Mchardy, Ian, Connolly, S.D., Horne, K., Cackett, E.M., Gelbord, J., Peterson, B.M., Pahari, M., Gehrels, N., Goad, M., Lira, P., Arevalo, P., Baldi, R.D., Brandt, N., Breedt, E., Chand, H., Dewangan, G., Done, C., Elvis, M., Emmanoulopoulos, D., Fausnaugh, M.M., Kaspi, S., Kochanek, C.S., Korista, K., Papadakis, I.E., Roa, A.R., Uttley, P., Vestergaard, M. and Ward, M.J. (2018) X-ray/UV/optical variability of NGC 4593 with Swift: reprocessing of X-rays by an extended reprocessor. Monthly Notices of the Royal Astronomical Society, 480 (3), 2881-2897. (doi:10.1093/mnras/sty1983).
Abstract
We report the results of intensive X-ray, UV and optical monitoring of the Seyfert 1 galaxy NGC 4593 with Swift. There is no intrinsic flux-related spectral change in any variable component with small apparent variations being due to contamination by a constant hard (reflection) component in the X-rays and the red host galaxy in the UV/optical.
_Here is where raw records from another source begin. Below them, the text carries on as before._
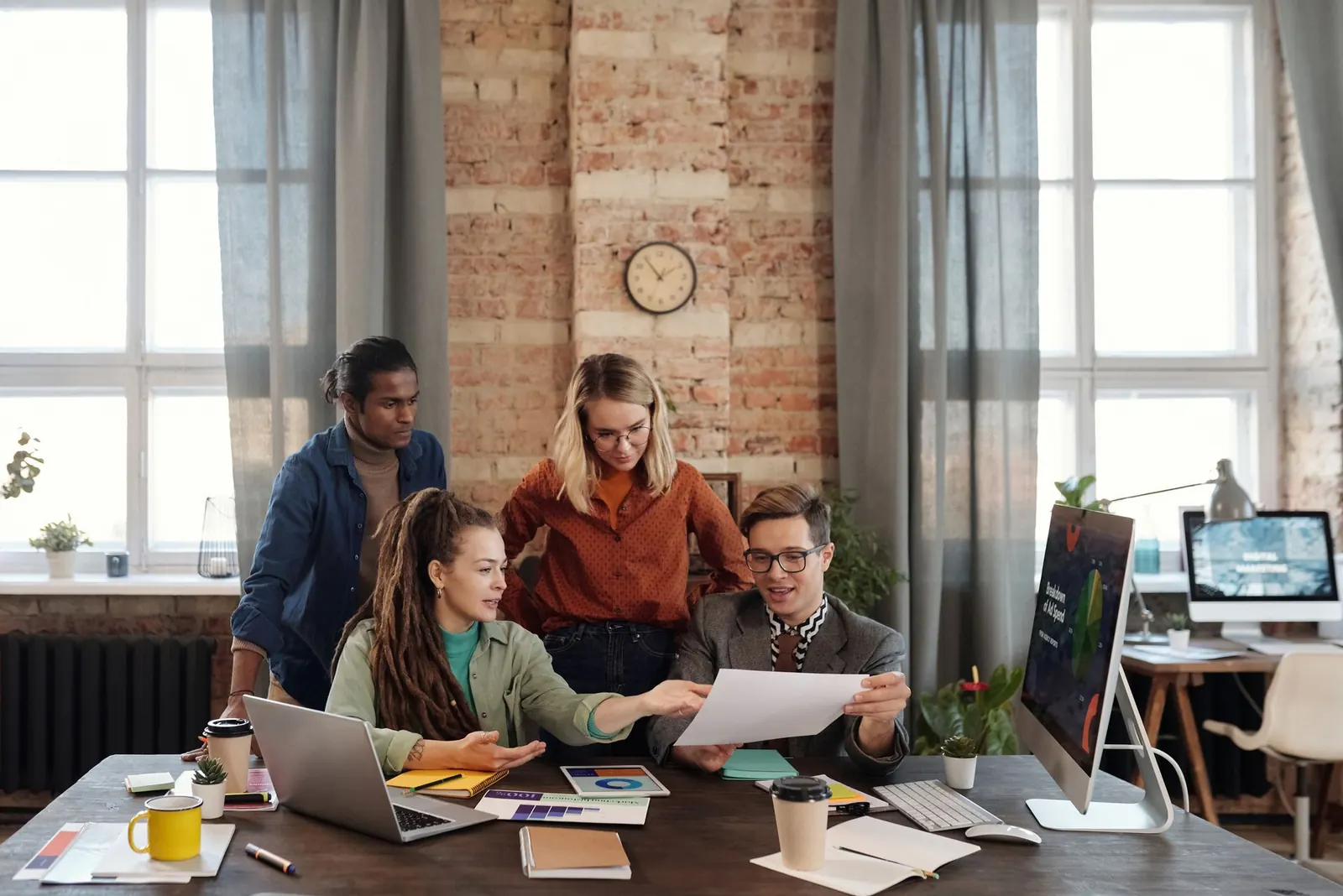 Equipe de agência de marketing trabalhando em computadores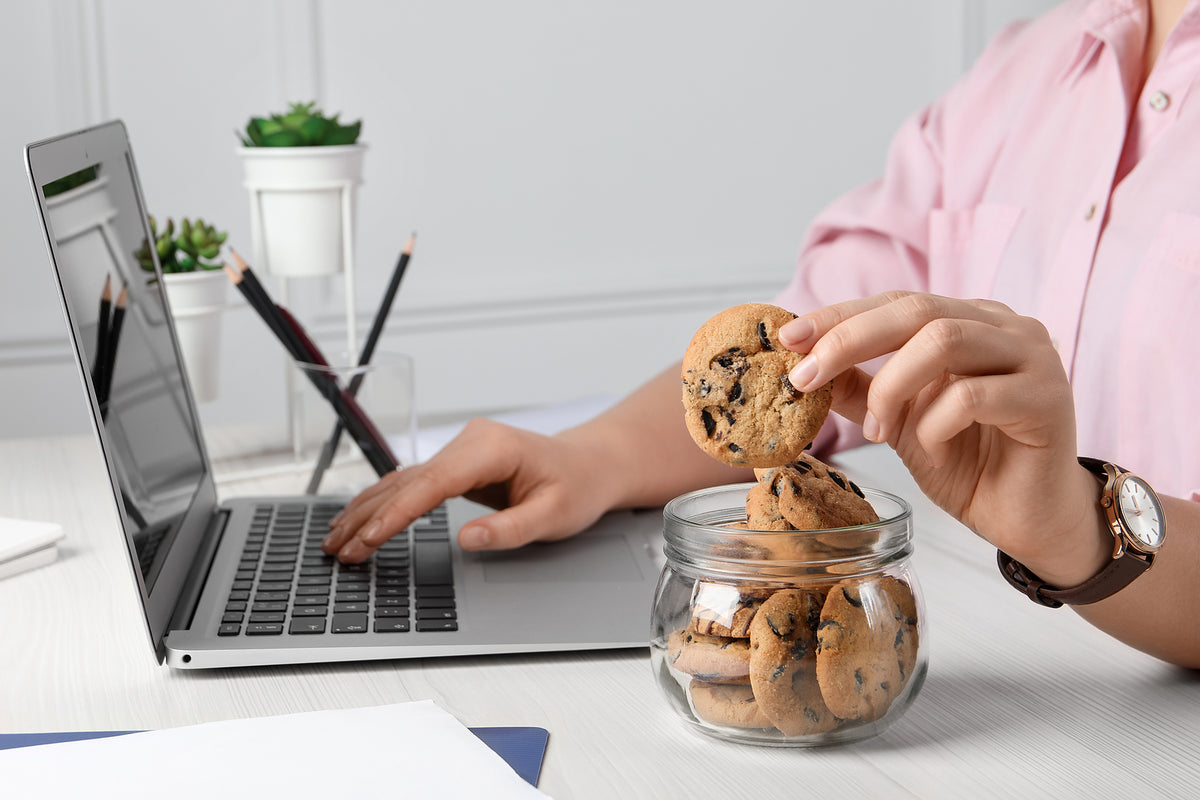 [Global] What does your workplace snack say about you?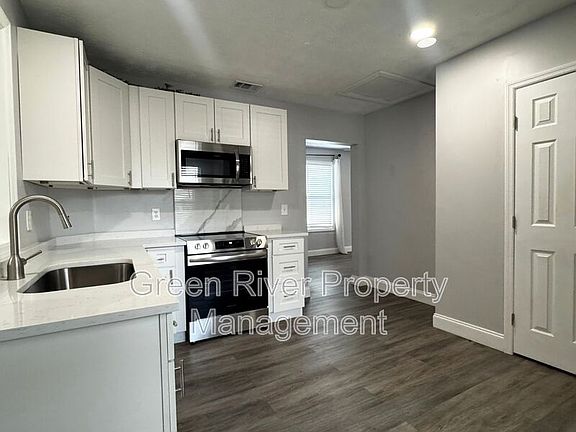 5th image of 2803 College St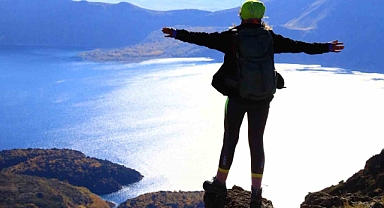 Vanlı dağcılar Nemrut Krater Gölü’nde buluştu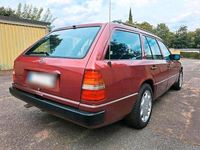 Gebraucht Mercedes 300 110 PS (80 kW) 1992 Rot Kombi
Relative to the shortest wavelength band, UVW2, the lags of the other UV/optical bands mostly agree with the predictions of reprocessing of high energy emission by an accretion disc. The U-band lag is, however, larger than expected, probably because of reprocessed Balmer continuum emission from the distant broad line region (BLR). The UVW2 band is well correlated with the X-rays but lags by ∼ 6× more than expected if the UVW2 results only from reprocessing of X-rays by the disc. However, if the lightcurves are filtered to remove variations on timescales > 5d, the lag approaches the expectation from disc reprocessing. MEMEcho analysis shows that direct X-rays can be the driver of most of the UV/optical variatIons if the response functions have tails up to 10d, from BLR reprocessing, together with strong peaks at short lag (< 1 d) from disc reprocessing. For the 5 AGN monitored so far, the observed UVW2 to V-band lags are ∼< 2 of disc reprocessing expectations and vary little between AGN. However the X-ray to UVW2 lags greatly exceed disc reprocessing expectations and differ between AGN. The two most absorbed AGN have the largest excesses, so absorption and scattering may affect these lags, but there is no simple relationship between exess and absorption.